6	The open subsets of the form ${\displaystyle (X\times P_{j})\cap U_{i}}$ of Step (5) form an open cover of ${\displaystyle X\times Y}$ that refines the ${\displaystyle U_{i}}$s (note that not every combination of ${\displaystyle P_{j}}$ and ${\displaystyle U_{i}}$ is included -- only the finitely many ${\displaystyle U_{i}}$s needed as in Step (5)). We will index this open cover by indexing set ${\displaystyle K\subseteq I\times J}$, and call it ${\displaystyle \{Q_{k}\}_{k\in K}}$, where ${\displaystyle Q_{k}=(X\times P_{j})\cap U_{i}}$. In particular, if ${\displaystyle k=(i,j)}$, then ${\displaystyle Q_{k}\subseteq X\times P_{j}}$ and ${\displaystyle Q_{k}\subseteq U_{i}}$, and for any ${\displaystyle j}$, there are finitely many ${\displaystyle k\in K}$ with the second coordinate of ${\displaystyle k}$ equal to ${\displaystyle j}$.			Steps (4) (cover aspect), (5)	${\displaystyle \{P_{j}\}_{j\in J}}$ cover ${\displaystyle Y}$, so ${\displaystyle \{X\times P_{j}\}_{j\in J}}$ cover ${\displaystyle X\times Y}$. By Step (5), ${\displaystyle X\times P_{j}}$ is the union of finitely many ${\displaystyle (X\times P_{j})\cap U_{i}}$, so the latter also form an open cover of ${\displaystyle X\times Y}$.

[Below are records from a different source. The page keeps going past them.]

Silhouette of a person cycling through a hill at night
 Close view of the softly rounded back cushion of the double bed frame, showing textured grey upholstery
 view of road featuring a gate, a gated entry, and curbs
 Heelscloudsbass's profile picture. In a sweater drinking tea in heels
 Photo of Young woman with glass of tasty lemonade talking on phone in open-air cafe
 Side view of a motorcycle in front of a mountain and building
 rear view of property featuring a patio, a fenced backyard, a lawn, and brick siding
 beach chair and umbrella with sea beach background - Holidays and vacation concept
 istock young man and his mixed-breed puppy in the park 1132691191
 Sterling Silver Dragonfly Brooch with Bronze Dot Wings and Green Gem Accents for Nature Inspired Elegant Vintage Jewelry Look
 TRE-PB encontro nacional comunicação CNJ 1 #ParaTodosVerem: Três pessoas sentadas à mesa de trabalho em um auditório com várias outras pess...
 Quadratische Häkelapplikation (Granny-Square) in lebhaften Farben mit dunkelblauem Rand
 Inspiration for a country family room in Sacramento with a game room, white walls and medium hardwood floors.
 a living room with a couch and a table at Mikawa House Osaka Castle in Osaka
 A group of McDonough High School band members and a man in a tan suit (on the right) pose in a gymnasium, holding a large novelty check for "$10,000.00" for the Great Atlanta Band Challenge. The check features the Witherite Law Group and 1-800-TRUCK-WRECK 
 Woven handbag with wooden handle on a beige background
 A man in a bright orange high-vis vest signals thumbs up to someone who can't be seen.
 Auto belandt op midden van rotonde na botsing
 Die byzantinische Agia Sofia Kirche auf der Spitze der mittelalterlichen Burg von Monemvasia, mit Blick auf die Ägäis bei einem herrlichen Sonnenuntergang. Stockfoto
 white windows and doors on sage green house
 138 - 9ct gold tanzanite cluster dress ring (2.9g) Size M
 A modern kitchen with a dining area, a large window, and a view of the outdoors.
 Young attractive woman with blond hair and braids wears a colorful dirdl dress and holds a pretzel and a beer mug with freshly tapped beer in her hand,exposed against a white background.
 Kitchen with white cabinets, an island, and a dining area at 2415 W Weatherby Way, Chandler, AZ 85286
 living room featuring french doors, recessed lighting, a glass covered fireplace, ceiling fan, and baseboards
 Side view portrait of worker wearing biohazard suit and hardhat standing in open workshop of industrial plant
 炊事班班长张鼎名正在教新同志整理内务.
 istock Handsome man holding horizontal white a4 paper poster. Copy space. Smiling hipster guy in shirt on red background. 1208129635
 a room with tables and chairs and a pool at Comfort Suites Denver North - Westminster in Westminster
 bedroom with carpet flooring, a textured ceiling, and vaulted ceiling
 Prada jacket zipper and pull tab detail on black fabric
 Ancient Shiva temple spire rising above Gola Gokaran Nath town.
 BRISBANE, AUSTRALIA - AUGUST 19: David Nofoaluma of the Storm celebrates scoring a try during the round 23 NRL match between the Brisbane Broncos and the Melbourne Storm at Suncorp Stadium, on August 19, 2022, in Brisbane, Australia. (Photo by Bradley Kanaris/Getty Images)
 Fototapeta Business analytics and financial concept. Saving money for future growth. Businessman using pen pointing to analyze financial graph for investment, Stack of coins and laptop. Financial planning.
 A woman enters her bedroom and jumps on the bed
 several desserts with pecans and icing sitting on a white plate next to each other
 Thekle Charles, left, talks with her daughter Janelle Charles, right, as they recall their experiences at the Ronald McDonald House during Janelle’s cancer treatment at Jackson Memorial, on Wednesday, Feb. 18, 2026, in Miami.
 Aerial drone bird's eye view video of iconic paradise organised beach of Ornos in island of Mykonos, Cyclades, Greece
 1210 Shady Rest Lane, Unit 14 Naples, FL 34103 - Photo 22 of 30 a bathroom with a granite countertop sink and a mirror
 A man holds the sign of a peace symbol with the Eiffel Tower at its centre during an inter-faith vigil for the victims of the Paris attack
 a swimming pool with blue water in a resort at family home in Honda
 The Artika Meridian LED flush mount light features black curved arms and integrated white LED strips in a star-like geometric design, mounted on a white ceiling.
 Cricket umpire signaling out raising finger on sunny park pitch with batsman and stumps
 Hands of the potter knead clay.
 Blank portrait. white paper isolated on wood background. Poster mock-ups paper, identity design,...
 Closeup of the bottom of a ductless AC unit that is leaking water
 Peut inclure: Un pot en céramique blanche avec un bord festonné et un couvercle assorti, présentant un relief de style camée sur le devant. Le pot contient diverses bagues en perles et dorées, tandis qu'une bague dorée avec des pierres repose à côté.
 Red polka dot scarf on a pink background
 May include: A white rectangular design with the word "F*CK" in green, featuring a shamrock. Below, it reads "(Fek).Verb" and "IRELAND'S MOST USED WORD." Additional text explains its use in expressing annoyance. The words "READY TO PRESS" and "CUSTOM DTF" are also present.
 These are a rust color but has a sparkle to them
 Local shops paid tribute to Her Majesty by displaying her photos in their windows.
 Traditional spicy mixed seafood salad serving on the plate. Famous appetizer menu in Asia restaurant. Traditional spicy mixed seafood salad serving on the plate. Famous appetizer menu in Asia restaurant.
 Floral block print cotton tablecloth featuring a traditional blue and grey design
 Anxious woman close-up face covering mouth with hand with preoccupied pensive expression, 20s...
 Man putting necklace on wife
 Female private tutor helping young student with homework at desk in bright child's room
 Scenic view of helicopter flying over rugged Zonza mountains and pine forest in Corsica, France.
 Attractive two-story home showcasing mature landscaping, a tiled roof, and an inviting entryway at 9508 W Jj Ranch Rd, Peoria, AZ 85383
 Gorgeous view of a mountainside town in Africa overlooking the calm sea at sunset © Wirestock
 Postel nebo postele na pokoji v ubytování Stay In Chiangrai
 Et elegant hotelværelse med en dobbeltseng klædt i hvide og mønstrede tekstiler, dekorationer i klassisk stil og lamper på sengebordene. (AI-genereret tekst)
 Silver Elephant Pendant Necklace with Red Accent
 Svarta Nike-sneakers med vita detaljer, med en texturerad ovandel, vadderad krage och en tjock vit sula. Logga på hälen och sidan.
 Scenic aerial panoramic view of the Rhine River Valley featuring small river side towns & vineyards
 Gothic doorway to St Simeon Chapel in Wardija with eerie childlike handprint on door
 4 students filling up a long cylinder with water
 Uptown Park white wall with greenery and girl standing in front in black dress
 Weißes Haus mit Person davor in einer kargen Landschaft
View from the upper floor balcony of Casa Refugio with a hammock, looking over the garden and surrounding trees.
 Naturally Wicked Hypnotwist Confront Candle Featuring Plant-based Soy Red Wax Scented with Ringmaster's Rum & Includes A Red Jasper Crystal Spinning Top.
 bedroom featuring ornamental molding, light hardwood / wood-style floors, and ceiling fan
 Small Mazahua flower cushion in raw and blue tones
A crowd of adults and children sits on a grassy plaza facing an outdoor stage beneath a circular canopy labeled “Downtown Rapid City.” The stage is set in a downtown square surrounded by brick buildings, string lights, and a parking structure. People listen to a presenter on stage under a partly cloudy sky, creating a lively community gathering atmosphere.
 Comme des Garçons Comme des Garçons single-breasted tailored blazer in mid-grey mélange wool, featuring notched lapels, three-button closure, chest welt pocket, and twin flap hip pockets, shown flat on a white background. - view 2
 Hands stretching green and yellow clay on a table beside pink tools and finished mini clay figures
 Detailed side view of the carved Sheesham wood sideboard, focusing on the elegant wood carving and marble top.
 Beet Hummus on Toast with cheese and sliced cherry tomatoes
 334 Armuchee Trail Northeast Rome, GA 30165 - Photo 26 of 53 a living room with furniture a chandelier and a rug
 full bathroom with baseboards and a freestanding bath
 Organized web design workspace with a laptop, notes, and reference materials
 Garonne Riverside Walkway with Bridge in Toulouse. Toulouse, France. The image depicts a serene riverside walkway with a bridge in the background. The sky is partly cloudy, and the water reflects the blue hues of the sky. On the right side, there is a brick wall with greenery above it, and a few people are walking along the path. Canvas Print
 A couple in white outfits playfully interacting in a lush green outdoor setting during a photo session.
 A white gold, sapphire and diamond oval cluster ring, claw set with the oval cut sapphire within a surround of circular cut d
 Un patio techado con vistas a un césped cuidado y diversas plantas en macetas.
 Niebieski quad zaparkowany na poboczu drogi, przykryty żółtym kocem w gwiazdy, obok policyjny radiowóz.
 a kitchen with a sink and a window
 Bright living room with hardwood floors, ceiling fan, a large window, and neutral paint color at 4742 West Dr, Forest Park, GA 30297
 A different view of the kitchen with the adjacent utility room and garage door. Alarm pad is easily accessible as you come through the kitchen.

7	The open cover ${\displaystyle \{Q_{k}\}_{k\in K}}$ of Step (6) is a locally finite open cover. In other words, for any ${\displaystyle (x,y)\in X\times Y}$, there is an open subset ${\displaystyle R\ni (x,y)}$ such that ${\displaystyle R}$ intersects only finite many ${\displaystyle Q_{k}}$s.			Steps (4) (locally finite aspect), (6)	[SHOW MORE] Since ${\displaystyle \{P_{j}\}_{j\in J}}$ form a locally finite open cover of ${\displaystyle Y}$ (Step (4)), there exists an open subset ${\displaystyle S}$ of ${\displaystyle Y}$ such that ${\displaystyle S}$ contains ${\displaystyle y}$ and ${\displaystyle S}$ intersects only finitely many of the ${\displaystyle P_{j}}$s. Set ${\displaystyle R=X\times S}$, so ${\displaystyle R}$ is open in ${\displaystyle X\times Y}$. ${\displaystyle R}$ therefore intersects only finitely many of the ${\displaystyle X\times P_{j}}$s. For any ${\displaystyle Q_{k}}$, with ${\displaystyle k=(i,j)}$, we have ${\displaystyle Q_{k}\subseteq X\times P_{j}}$ by construction (Step (6)), so if ${\displaystyle Q_{k}}$ intersects ${\displaystyle R}$ so does ${\displaystyle X\times P_{j}}$. Thus, the ${\displaystyle Q_{k}}$s that intersect ${\displaystyle R}$ must correspond to the finitely many ${\displaystyle j}$s for which ${\displaystyle R}$ intersects ${\displaystyle X\times P_{j}}$. Since there are finitely many ${\displaystyle k}$s for each ${\displaystyle j}$, this gives that there are finitely many ${\displaystyle Q_{k}}$s intersecting ${\displaystyle R}$.
8	The open cover ${\displaystyle \{Q_{k}\}_{k\in K}}$ is as desired			Steps (6), (7)	Combine the two steps to get what we wanted to prove.